Aber es soll nen Fix geben für den Bug aber da müsstest mal selbst Googlen.
Ansonsten kann ich nur zum 2420Z raten.


----------



## 1stF_TreffNix (3. April 2014)

*AW: 144 Hz Monitor für CS:GO*



Santa_K schrieb:


> Beim BenQ hab ich weiterhin auch gehört, dass dieser einen Motion Blur Fehler haben soll, vielleicht könnte mich da auch einmal jemand aufklären, was es damit auf sich hat. Ja, dann hoff ich mal auf eure Hilfe!
> 
> Grüße Santa_K



Ich bins gerade leid immer neu zu schreiben...



1stF_TreffNix schrieb:


> Und nochmal:
> 
> Es gibt keinen Bug was MBR angeht, und es wird niemals ein TN Panel kommen bei dem das Strobing zu 100% entfernt werden kann.
> Selbst der "Bugfix" (Strobe Utility) erlaubt das einstellen von den festen 2ms auf 0,5 bis 10ms und kann dadurch das Strobing nur bis zu 90% reduzieren.
> ...


----------



## Westcoast (3. April 2014)

*AW: 144 Hz Monitor für CS:GO*

mit dem BenQ XL2420Z kannst du echt nichts falsch machen. farben sind in ordnung, gut verarbeitet und schnell. 

dieser mit 240Hz: Eizo Foris FG2421 schwarz, 23.5" (FG2421-BK) Preisvergleich | Geizhals Deutschland

geht sicherlich in CS:GO richtig ab, wenn das system gut feuern kann.


----------



## SaftSpalte (3. April 2014)

*AW: 144 Hz Monitor für CS:GO*

da bekomme ich auch lust zu einem 144 hz monitor zu greifen   will aber den markt noch etwas ruhen lassen und die rift erst testen .
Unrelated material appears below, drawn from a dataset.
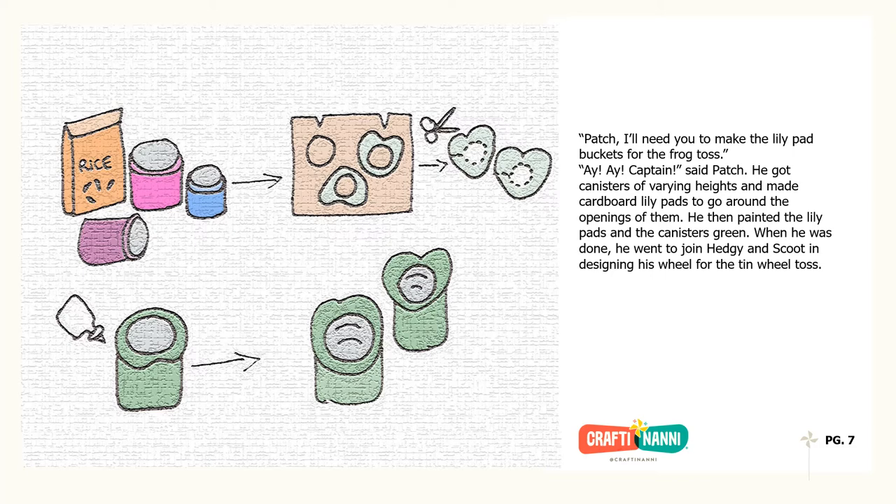Patch, I'll need you to make the lily pad buckets for the frog toss. Aye, aye, Captain, said Patch. He got canisters of varying heights and made cardboard lily pads to go around the openings of them. He then painted the lily pads and the canisters green. When he was done, he went to join Hedgie and Scoot in designing his wheel for the tin wheel toss.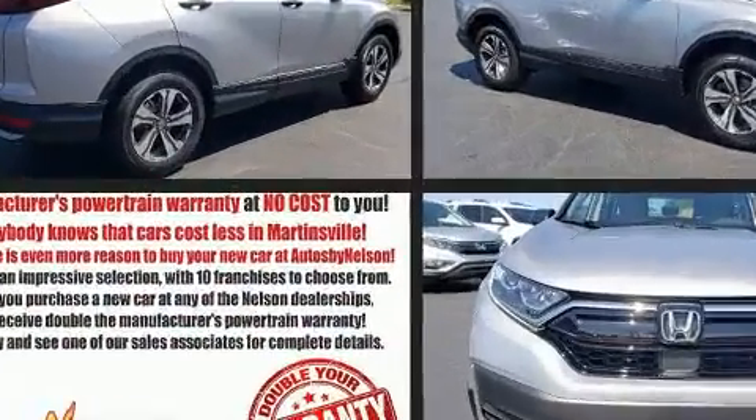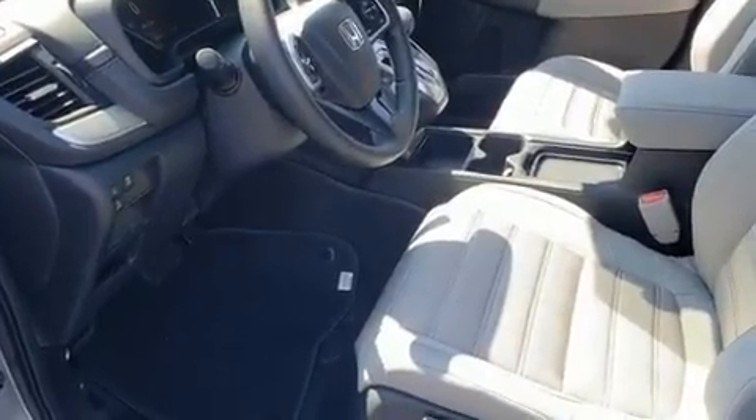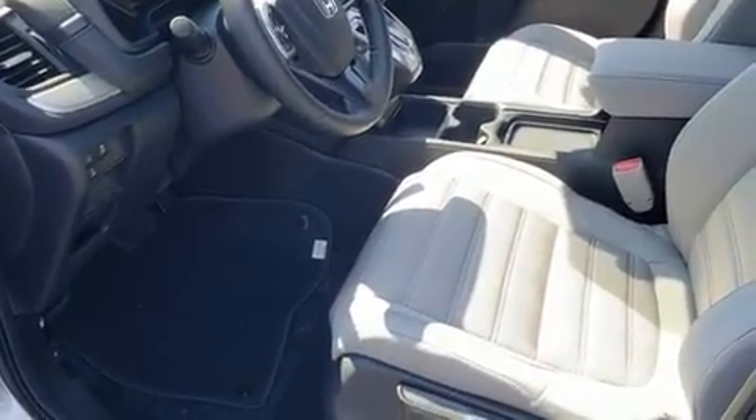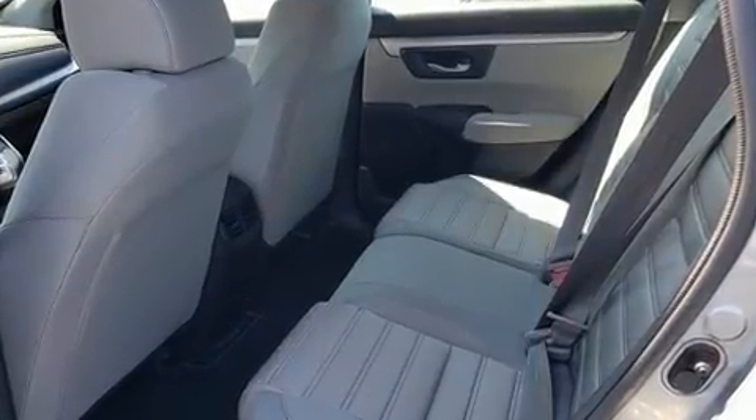Honda prioritized practicality, efficiency, and style by including a trip computer, lane departure warning, remote keyless entry, rear wipers, and one-touch window functionality.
Hey TE !  Falls du einen Monitor gekauft hast ,bitte ich dich eine kleine Meinung zu posten . danke


----------



## Santa_K (3. April 2014)

*AW: 144 Hz Monitor für CS:GO*

@SaftSpalte: mach ich wenn ich es nicht vergesse.

Was hat es eigentlich mit diesem NVIDIA G-Sync auf sich? Ich würde mir ja den Benq sofort holen aber, habe dann gelesen im 2. Quartal soll noch ein XL240G rauskommen, der eben dieses inne hat.


----------



## SaftSpalte (3. April 2014)

*AW: 144 Hz Monitor für CS:GO*

g-sync hamoniert mit der grafikkarte zusammen . Monitor und graka sind besser abgestimmt . Dies führt dazu das du weniger schlieren hast und das bei weniger bildrate ... G-sync funktioniert auch nur bei Nvidia karten .

Ist halt besser wenn Monitor und Grafikkarte aufeinander abgestimmt ist . 

Soweit ich es verstanden habe bringt G-sync nur was ,wenn du unter 60 fps fällst .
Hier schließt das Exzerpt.